When I talked with J Money at Roanoke, he was at the beginning of a solid swing of East Coast racing. As it turns out, J Money isn’t the only WorldTour-caliber member of the traveling ‘cross circuit. “My parents live in Massachusetts. So for these blocks, I drove down in my dad's car. He's my support guy. He's the head mechanic of J Moneyz Factory Racing. How many other WorldTour mechanics are there here?”
(As a side note, after Day 2 of Roanoke, I was chatting with J Money, and he said he was stopping by the Antietam National Battlefield on his way to Rochester. As a Civil War buff who parlayed last year’s trip to Charm City into a visit to Gettysburg, I was that much more stoked on the legend of J Money)
Thus far we have chronicled the nickname, and we have chronicled the team name. The next part of the J Money legend is clearly the jersey.
This season, the J Money WorldTour team jersey is a custom design that exudes panache.
J Money’s trip to Europe at the end of last season was not his first. He went over during the pandemic season and largely raced in his Fort Lewis Skyhawks kit.
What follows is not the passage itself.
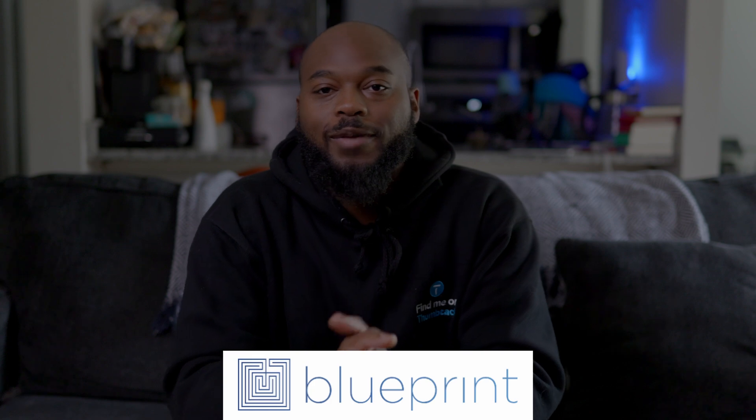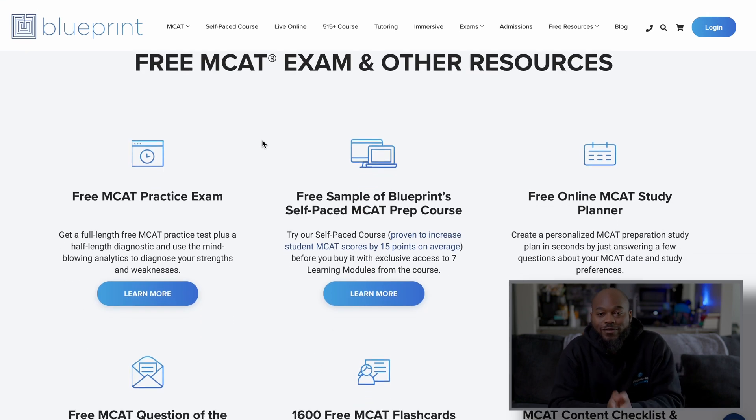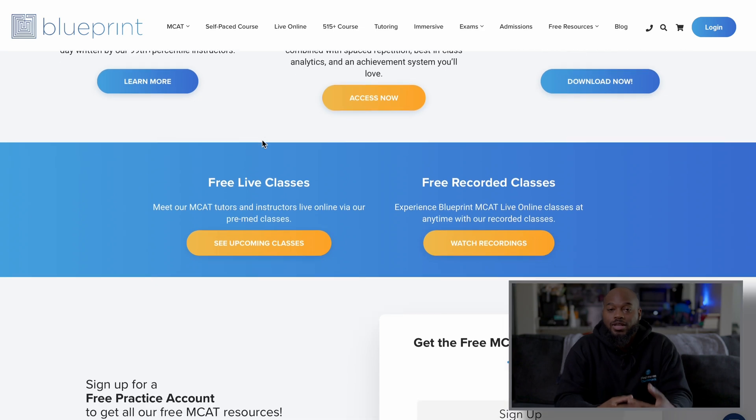Next on my list of free resources, these actually come from some of the biggest MCAT course providers out there: Blueprint, which I actually used for my MCAT journey, Kaplan, and Princeton Review. All of them have free resources you can implement into your studies. Starting with Blueprint — they offer a free practice exam as a diagnostic to see where you are. They also have 1,600 free flashcards you can access, plus a free practice question of the day, which is great because practice is everything on the MCAT.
At the start of the 2021 domestic campaign, he went in a different direction. “I don't know where I got this idea. It must have been one of my friends' ideas. They were like, 'Dude, you should make a jersey.' So that's how the jersey started last year.”
This year’s J Moneyz Factory Racing jersey is a very legit design—”It's UCI legal. What's illegal about this? As long as I'm not doing the aero bars, I should be good.”—featuring a J and a $. Simple, clean, full of panache.
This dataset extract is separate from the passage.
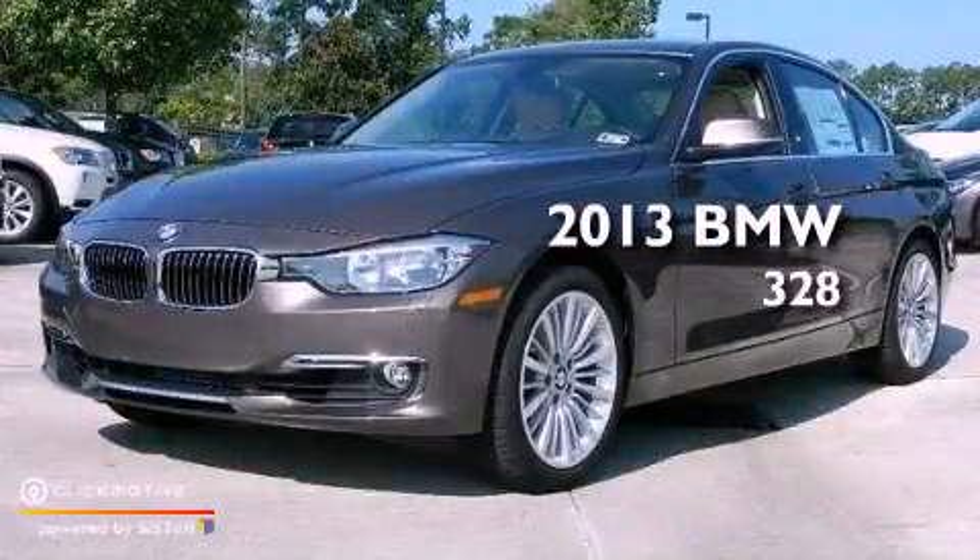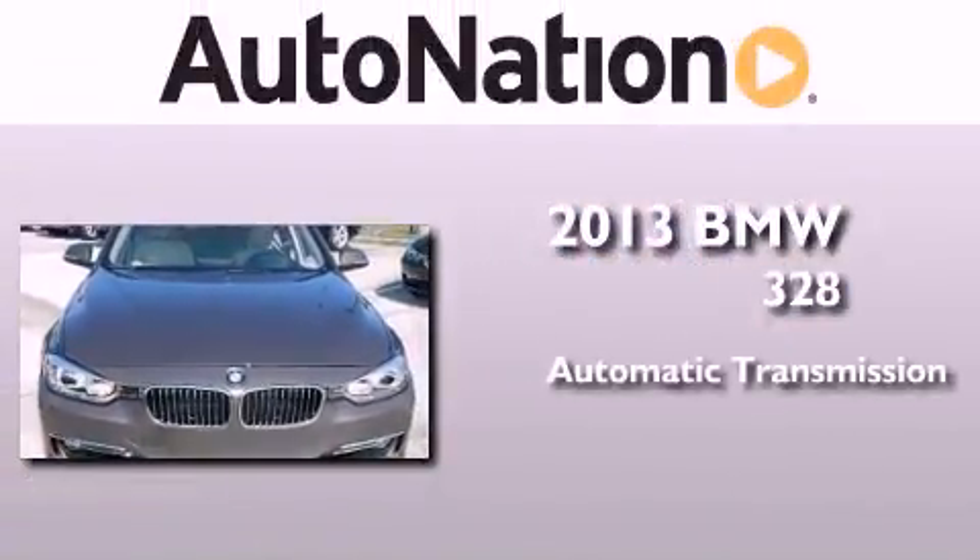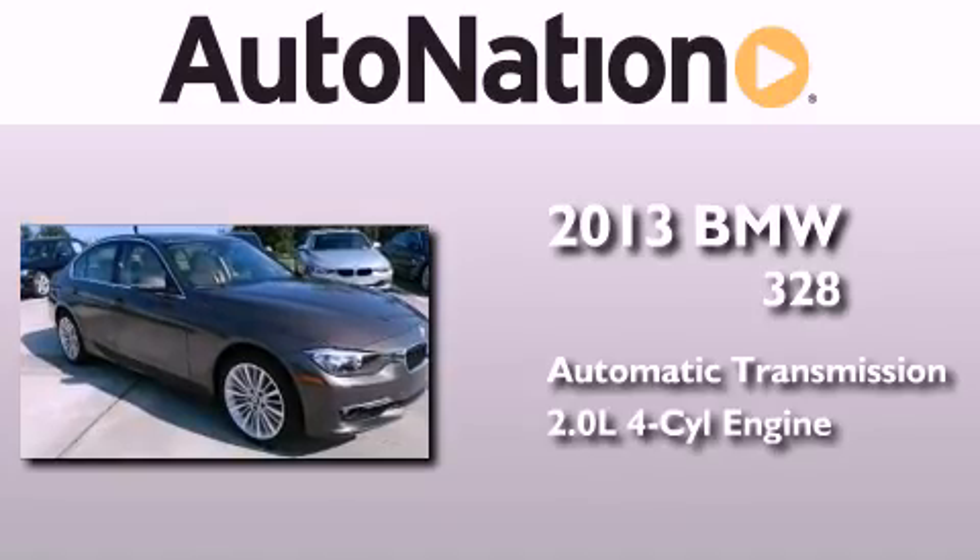This is a brand new 2013 BMW 328. This car has an automatic transmission and an inline four-cylinder engine.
“This was actually drawn by my mom this Wednesday. It was her idea to put the green in there. The one I had this summer had so many frickin’ holes in it.”
I did not ask at the time, but some investigation is clearly necessary to determine if the J$ jersey will be distributed widely any time soon.
The final piece of the J Money legend is the bike. Save the Richard Sachs team, it is hard to find a cantilever-brake bike on the Elite cyclocross scene these days. And yet J Money is rocking Giant TCXs with cantilever brakes that he’s had for 8 years now.
“It’s light and easy to work on,” he said. Plus, I feel like it’s fine for my riding style because I like to flow through corners a bit instead of jacking up the brakes and accelerating.” He added, “But I’ve never really spent any significant time on high-quality disc brakes, so who knows, maybe I am missing something.”
All this talk about the legend of J Money aside, he is having a pretty solid season thus far. When I talked with him at Roanoke, he had just wrapped up a 13th-place finish in the C1, which was his best career C1 finish to-date. After that race, I asked him about his plans for the season. “I would like to do the World Cups, but I'm not going to make it because I don't have enough points,” he said. '“This was my best C1 ever. So, we'll see. If I get selected, I'll go, if I don't, I won't.”
J Money proved himself wrong. An 11th in the C1 at Rochester and a 9th at the Charm City C1 earned J Money a selection to the Team USA team at World Cup Fayetteville. After that race, the J Money WorldTour World Tour continued at Kings CX this past weekend where he finished 4th both days.
This has been quite the journey into the myth, the legend, the enigma that is J Money. Who knows what’s next, but for now, the lesson learned here is that if you have someone start jumping in our mentions now, three years from now, we might do an overwrought story about you for the Bulletin.
I couldn’t figure out...so thanks for the reveal and the back story. He is definitely money, and now has more fans.